Assignment: From the line with "H100B CS-01 4XNR49AA1500P" through the last line of the records below, both ends included, transcribe only those lines, exactly, and omit the pictures.

Supplied records:
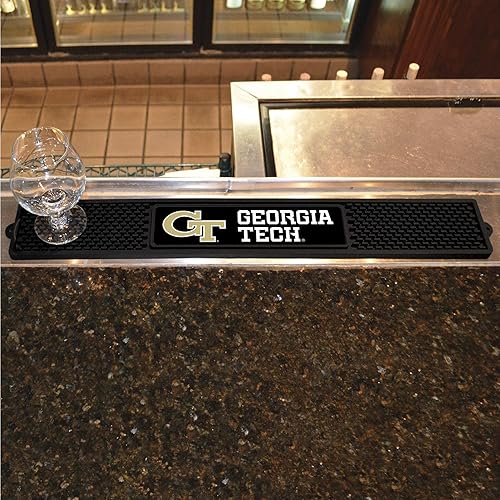 Miniatura 2 de FANMATS NCAA - Alfombrilla unisex para adultos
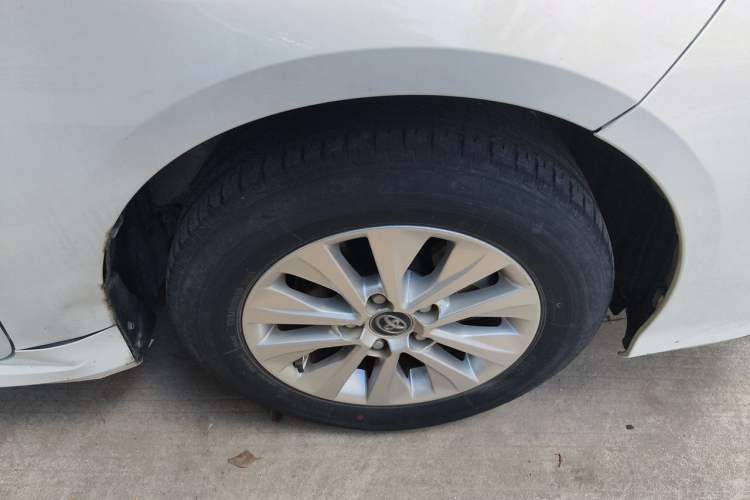 Used Toyota Corolla 2019 1.2T S-CVT GL-i Elite Edition Right Front Wheel Hub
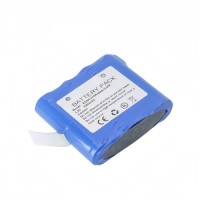 H100B CS-01 4XNR49AA1500P 2000mAh PULSE Oximeter battery for EDAN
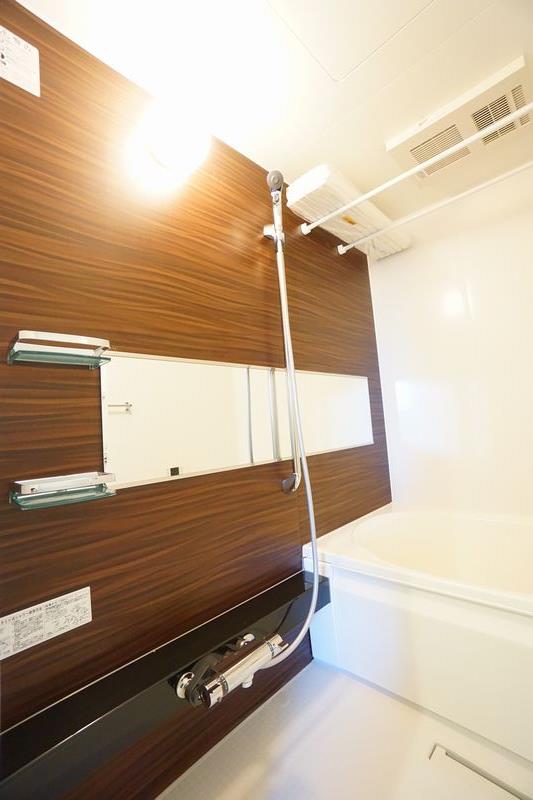 メゾン　ド　ソレイユ 304号-9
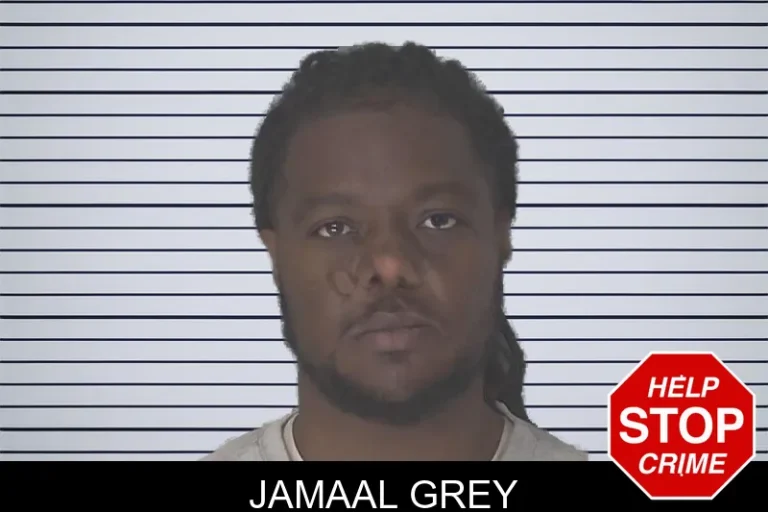 Jamaal Grey mugshot – Douglas County , Georgia Jamaal Grey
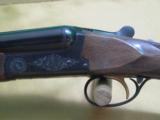 Browning SXS shotgun - 3 of 10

Task result:
 H100B CS-01 4XNR49AA1500P 2000mAh PULSE Oximeter battery for EDAN
 メゾン　ド　ソレイユ 304号-9
 Jamaal Grey mugshot – Douglas County , Georgia Jamaal Grey
 Browning SXS shotgun - 3 of 10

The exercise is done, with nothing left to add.